Miller particularly highlighted the campaign’s pledge to improve incident reporting for students of color. The platform includes a proposal to use anonymous feedback collected through resident assistants to provide students with a more informal reporting mechanism than Speak Up’s active reporting process.

The platform is also focused on expanding Title IX efforts while improving awareness of existing resources like Callisto. Notably, they suggest incorporating a sexual assault prevention program into Welcome Weekend for new students and in and outside of the residence halls.

Another signature diversity proposal is the “Building Allies” program, which aims to serve Notre Dame’s LGBTQ+ community. This proposal, along with expanding Pridefest into a week-long event, forms the core of the campaign’s LGBTQ+ policies. All of this was done with the goal of increasing understanding between community members and the Notre Dame student body in general, Miller said.

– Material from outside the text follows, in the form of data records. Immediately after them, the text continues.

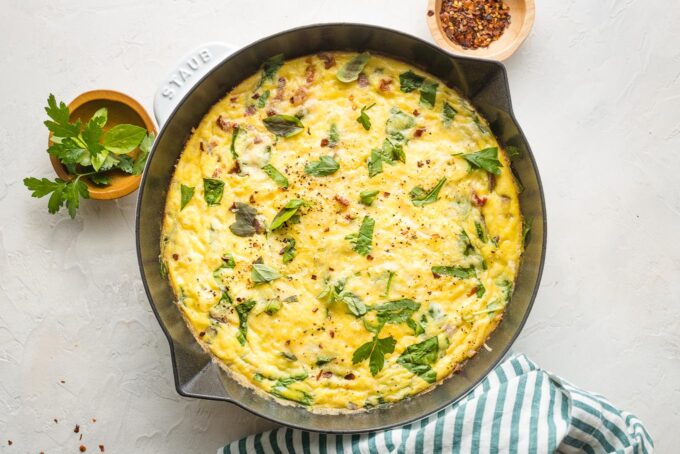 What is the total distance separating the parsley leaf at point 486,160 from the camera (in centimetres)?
332

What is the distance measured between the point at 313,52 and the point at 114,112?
1.28 m

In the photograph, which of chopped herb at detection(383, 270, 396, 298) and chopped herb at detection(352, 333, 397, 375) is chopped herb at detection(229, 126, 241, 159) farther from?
chopped herb at detection(352, 333, 397, 375)

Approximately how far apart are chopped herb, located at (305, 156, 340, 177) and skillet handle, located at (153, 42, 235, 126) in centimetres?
76

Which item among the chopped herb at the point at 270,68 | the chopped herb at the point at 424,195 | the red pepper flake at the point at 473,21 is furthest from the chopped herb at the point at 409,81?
the chopped herb at the point at 270,68

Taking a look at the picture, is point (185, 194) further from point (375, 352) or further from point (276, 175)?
point (375, 352)

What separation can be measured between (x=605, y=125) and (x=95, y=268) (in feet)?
11.1

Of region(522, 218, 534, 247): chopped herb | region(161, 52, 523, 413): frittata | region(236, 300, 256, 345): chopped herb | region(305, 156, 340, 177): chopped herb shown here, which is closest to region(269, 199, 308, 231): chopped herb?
region(161, 52, 523, 413): frittata

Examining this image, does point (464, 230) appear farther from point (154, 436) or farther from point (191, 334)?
point (154, 436)

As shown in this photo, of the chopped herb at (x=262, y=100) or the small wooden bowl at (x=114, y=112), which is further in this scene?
the small wooden bowl at (x=114, y=112)

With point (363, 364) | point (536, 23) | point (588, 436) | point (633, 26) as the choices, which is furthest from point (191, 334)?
point (633, 26)

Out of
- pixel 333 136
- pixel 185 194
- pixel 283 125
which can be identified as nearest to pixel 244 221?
pixel 185 194

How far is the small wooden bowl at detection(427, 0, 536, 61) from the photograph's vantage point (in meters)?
3.57

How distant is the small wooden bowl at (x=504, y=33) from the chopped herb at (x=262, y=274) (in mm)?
1685

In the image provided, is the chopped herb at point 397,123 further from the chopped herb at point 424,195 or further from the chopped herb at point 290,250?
the chopped herb at point 290,250
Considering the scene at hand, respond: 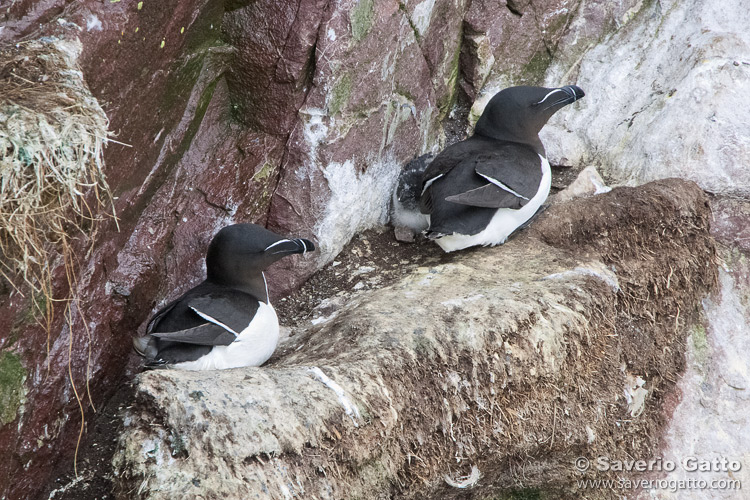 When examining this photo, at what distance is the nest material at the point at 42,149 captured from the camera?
310 centimetres

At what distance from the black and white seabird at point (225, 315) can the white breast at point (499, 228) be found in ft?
4.35

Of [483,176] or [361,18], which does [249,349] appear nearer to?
[483,176]

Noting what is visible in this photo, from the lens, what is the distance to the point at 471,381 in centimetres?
423

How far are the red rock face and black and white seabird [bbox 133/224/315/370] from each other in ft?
1.01

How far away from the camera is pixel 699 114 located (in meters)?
6.20

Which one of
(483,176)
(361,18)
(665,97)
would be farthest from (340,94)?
(665,97)

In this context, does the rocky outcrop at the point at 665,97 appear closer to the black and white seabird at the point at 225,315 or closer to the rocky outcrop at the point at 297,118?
the rocky outcrop at the point at 297,118

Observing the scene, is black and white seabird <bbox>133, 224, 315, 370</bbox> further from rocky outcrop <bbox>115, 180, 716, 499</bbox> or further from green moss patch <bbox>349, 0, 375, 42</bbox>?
green moss patch <bbox>349, 0, 375, 42</bbox>

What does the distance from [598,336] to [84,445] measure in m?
3.10

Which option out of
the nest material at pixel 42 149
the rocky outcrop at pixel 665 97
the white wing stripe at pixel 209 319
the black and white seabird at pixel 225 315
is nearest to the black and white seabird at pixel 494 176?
the rocky outcrop at pixel 665 97

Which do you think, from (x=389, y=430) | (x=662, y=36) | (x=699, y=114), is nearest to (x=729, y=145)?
(x=699, y=114)

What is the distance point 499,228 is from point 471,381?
4.94ft

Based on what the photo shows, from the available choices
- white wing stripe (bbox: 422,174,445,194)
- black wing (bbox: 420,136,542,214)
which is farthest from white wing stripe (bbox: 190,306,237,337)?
white wing stripe (bbox: 422,174,445,194)

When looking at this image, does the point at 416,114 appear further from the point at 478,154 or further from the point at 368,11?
the point at 368,11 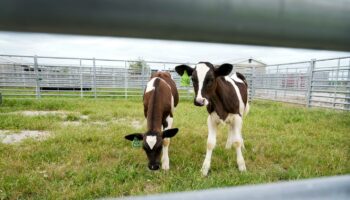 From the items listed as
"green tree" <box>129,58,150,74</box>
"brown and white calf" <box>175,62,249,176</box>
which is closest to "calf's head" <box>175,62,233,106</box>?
"brown and white calf" <box>175,62,249,176</box>

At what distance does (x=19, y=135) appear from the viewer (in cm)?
429

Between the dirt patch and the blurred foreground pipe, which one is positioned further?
the dirt patch

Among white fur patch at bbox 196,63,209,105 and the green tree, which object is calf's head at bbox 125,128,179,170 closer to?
white fur patch at bbox 196,63,209,105

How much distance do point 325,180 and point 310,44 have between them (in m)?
0.18

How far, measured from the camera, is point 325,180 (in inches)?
12.1

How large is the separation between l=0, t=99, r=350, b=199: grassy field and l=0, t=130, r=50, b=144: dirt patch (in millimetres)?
199

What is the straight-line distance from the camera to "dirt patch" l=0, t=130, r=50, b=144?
3928 millimetres

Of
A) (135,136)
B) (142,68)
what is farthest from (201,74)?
(142,68)

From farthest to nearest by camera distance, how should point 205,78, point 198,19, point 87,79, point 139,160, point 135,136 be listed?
point 87,79, point 139,160, point 135,136, point 205,78, point 198,19

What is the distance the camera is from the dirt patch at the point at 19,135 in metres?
3.93

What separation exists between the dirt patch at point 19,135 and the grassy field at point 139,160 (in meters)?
0.20

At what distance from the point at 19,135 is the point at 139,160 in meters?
2.59

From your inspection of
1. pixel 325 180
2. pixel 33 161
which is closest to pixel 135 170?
pixel 33 161

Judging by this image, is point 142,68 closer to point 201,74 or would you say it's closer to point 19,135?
point 19,135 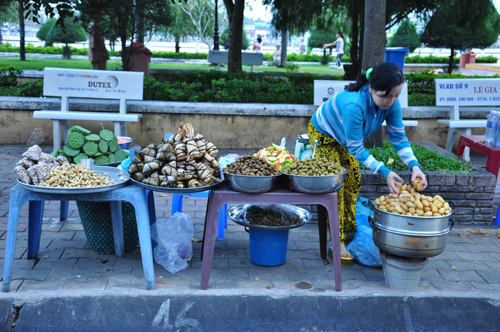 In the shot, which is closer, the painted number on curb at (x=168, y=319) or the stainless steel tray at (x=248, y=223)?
the painted number on curb at (x=168, y=319)

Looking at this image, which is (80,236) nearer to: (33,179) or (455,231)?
(33,179)

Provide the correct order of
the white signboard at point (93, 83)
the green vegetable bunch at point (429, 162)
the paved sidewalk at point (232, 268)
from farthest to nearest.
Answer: the white signboard at point (93, 83) < the green vegetable bunch at point (429, 162) < the paved sidewalk at point (232, 268)

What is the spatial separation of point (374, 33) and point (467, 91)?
8.93 feet

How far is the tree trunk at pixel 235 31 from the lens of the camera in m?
9.38

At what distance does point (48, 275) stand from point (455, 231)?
3.85 meters

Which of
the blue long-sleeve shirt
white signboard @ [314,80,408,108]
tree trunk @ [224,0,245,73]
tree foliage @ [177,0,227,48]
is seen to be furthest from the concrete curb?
tree foliage @ [177,0,227,48]

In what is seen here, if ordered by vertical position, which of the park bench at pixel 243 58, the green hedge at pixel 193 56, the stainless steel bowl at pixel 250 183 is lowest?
the stainless steel bowl at pixel 250 183

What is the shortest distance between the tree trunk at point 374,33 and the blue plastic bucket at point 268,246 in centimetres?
305

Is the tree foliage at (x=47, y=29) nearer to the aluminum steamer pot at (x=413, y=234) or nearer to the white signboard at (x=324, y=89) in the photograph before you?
the white signboard at (x=324, y=89)

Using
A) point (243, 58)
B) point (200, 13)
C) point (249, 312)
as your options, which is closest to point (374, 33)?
point (249, 312)

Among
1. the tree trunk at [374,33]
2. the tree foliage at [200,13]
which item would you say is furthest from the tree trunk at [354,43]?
the tree foliage at [200,13]

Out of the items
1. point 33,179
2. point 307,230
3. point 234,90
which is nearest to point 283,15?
point 234,90

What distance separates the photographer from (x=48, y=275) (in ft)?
10.9

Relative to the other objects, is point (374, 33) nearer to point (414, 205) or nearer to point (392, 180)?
point (392, 180) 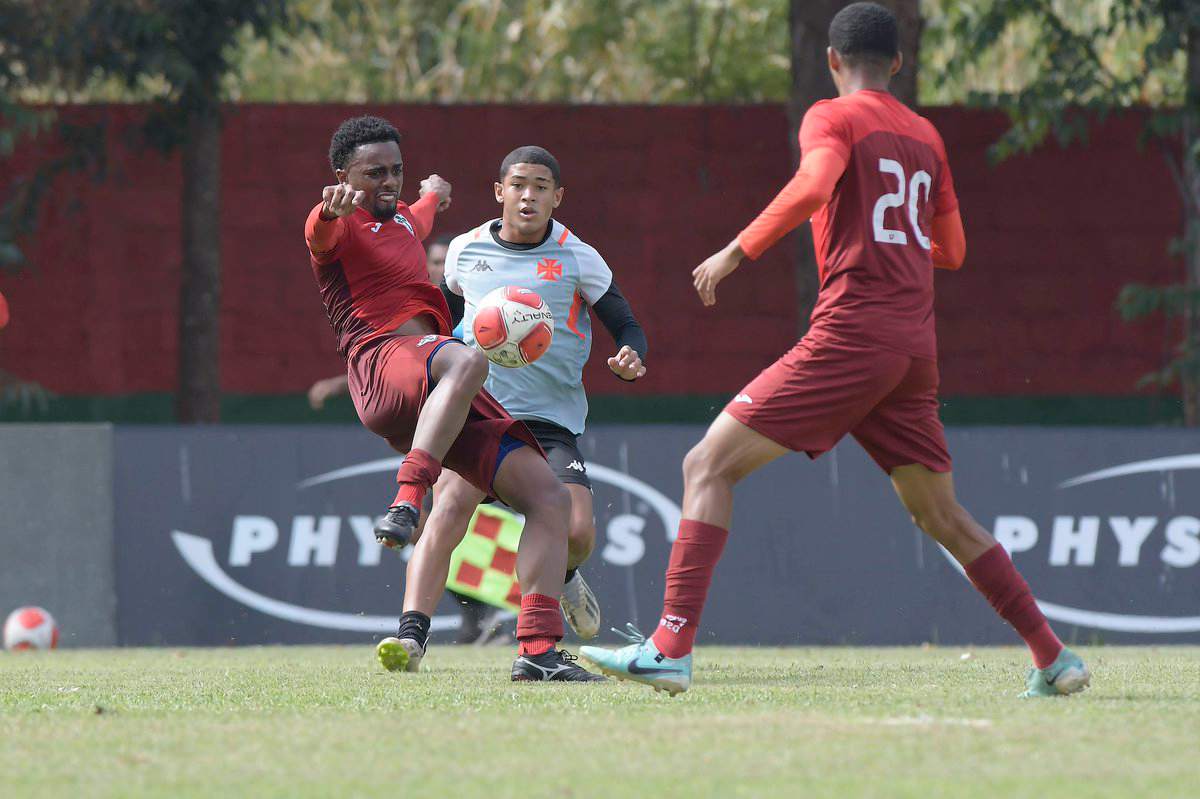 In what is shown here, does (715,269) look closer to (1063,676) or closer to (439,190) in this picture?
(1063,676)

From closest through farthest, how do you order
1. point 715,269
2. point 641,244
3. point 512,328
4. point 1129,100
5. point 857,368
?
1. point 715,269
2. point 857,368
3. point 512,328
4. point 1129,100
5. point 641,244

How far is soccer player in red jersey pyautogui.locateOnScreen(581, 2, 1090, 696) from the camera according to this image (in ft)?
19.6

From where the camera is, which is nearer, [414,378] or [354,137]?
[414,378]

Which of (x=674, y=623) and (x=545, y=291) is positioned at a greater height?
(x=545, y=291)

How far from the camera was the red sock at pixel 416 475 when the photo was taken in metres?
6.45

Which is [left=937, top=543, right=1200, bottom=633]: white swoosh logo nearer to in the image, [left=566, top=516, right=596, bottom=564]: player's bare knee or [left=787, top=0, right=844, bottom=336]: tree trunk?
[left=566, top=516, right=596, bottom=564]: player's bare knee

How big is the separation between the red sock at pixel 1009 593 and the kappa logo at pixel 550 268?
8.12ft

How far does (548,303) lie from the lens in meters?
7.99

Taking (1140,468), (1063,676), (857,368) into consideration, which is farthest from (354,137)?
(1140,468)

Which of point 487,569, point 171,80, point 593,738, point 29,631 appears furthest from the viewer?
point 171,80

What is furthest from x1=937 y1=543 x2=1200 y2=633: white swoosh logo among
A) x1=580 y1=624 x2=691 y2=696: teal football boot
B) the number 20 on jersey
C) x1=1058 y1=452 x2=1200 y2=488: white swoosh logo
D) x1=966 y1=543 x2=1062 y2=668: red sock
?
x1=580 y1=624 x2=691 y2=696: teal football boot

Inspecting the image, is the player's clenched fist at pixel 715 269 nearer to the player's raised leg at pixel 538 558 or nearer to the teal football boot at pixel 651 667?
the teal football boot at pixel 651 667

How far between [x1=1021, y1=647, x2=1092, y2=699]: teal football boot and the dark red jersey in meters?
1.10

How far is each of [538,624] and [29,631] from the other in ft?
14.8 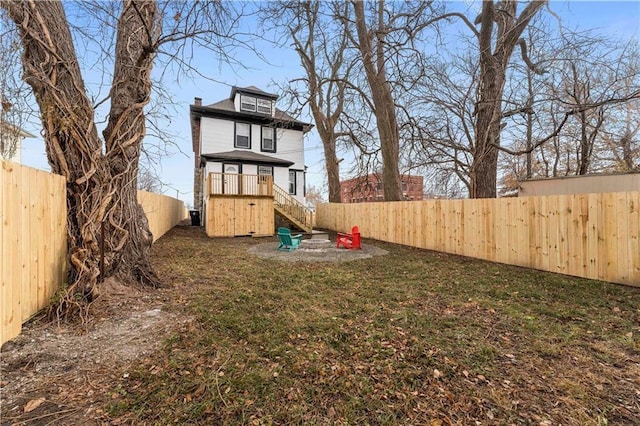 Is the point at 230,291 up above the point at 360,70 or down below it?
below

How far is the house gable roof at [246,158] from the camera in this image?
615 inches

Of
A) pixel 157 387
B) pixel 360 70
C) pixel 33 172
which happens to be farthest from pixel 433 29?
pixel 157 387

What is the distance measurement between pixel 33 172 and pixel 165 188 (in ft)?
8.68

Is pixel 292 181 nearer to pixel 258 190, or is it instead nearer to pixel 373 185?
pixel 373 185

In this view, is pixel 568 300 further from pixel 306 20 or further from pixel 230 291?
pixel 306 20

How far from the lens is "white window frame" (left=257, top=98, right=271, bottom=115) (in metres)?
18.2

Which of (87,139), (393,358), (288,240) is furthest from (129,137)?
(288,240)

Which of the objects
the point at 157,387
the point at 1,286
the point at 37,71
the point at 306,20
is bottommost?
the point at 157,387

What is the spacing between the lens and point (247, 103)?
17.9 metres

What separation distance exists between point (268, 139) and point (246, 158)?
2771 millimetres

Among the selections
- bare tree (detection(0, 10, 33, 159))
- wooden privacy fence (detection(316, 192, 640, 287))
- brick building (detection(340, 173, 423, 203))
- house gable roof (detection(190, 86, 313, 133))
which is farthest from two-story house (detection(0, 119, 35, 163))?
house gable roof (detection(190, 86, 313, 133))

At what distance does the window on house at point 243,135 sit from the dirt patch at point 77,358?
48.7ft

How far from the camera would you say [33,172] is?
3.01 meters

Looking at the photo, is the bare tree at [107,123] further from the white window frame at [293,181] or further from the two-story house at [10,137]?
the white window frame at [293,181] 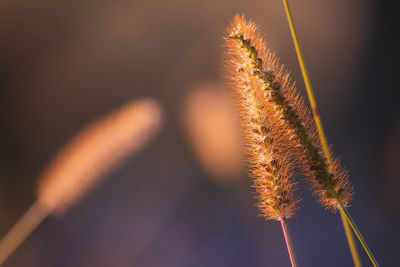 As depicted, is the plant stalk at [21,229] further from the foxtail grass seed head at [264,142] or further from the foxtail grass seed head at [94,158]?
the foxtail grass seed head at [264,142]

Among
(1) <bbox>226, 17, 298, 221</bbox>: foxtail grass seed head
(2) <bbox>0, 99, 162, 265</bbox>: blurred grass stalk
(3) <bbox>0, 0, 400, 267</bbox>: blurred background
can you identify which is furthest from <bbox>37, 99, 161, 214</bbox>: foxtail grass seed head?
(3) <bbox>0, 0, 400, 267</bbox>: blurred background

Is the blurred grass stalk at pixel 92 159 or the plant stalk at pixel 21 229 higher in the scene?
the blurred grass stalk at pixel 92 159

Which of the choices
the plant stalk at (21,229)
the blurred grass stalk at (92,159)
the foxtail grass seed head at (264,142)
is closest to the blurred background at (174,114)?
the plant stalk at (21,229)

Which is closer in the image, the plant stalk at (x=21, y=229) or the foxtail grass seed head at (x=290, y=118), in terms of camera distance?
the foxtail grass seed head at (x=290, y=118)

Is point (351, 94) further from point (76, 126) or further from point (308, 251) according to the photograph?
point (76, 126)

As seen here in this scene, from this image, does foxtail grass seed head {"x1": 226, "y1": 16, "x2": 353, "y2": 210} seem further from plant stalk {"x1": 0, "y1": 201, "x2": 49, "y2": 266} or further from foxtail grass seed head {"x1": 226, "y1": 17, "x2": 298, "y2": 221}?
plant stalk {"x1": 0, "y1": 201, "x2": 49, "y2": 266}

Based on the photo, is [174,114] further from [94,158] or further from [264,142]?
[264,142]

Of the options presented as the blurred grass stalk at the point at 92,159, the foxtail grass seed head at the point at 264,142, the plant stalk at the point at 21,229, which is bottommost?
the plant stalk at the point at 21,229

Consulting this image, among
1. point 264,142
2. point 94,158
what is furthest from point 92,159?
point 264,142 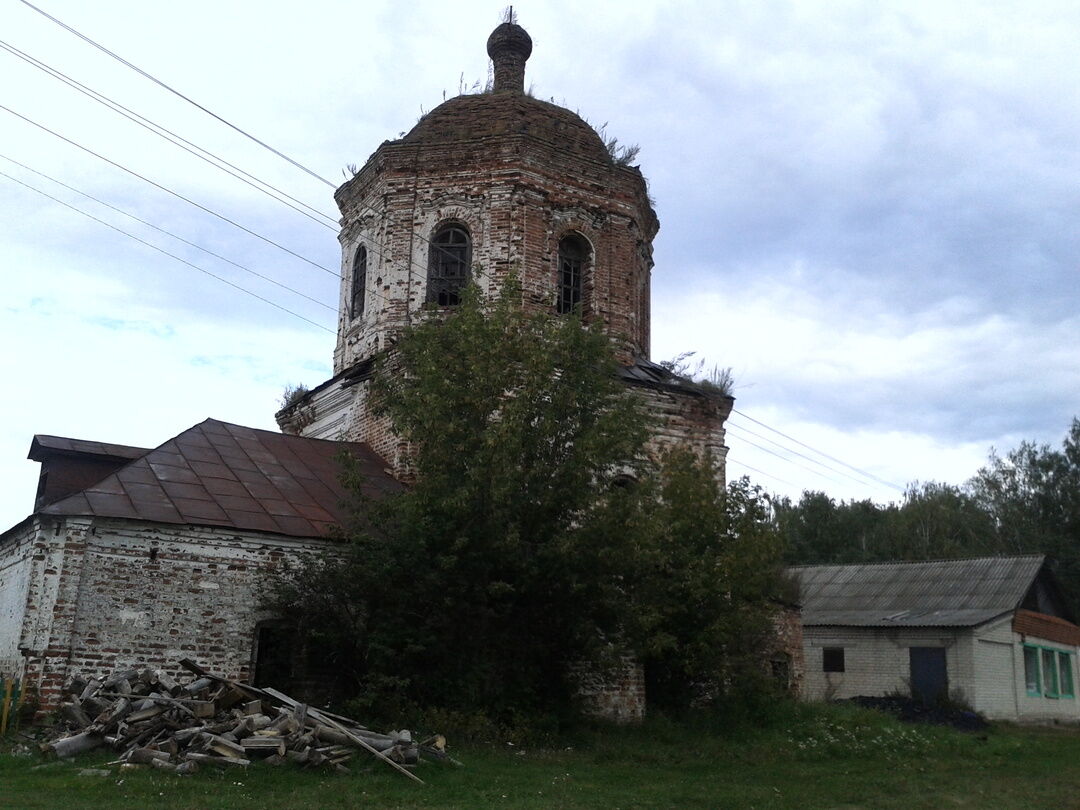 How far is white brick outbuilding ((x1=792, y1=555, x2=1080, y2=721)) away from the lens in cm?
2153

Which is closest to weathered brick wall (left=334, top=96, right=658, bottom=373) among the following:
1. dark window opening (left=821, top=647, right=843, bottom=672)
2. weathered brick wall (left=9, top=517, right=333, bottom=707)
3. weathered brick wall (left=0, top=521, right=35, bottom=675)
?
weathered brick wall (left=9, top=517, right=333, bottom=707)

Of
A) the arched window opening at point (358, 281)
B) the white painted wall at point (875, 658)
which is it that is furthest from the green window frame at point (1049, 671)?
the arched window opening at point (358, 281)

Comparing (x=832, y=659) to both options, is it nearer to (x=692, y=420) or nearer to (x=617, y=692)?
(x=692, y=420)

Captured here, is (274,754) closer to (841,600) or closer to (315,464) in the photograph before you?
(315,464)

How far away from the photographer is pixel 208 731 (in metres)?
8.68

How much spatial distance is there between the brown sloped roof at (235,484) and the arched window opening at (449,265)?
9.46 ft

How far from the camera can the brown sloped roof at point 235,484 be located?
Result: 11.6 meters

Throughout the campaign, Kiser and Miller emphasized their concern for the student body and their drive to improve the lives of their fellow students, regardless of obstacles.

“We care about the students of Notre Dame and want to serve them the best we can,” Kiser said. “If (a certain policy) goes out the window, we’ll come back even stronger… We have the experience to know how to get these things done and know how to make change happen. That’s what we’ve done in our time at Notre Dame so far, and I have no doubt that we’ll continue to do that.”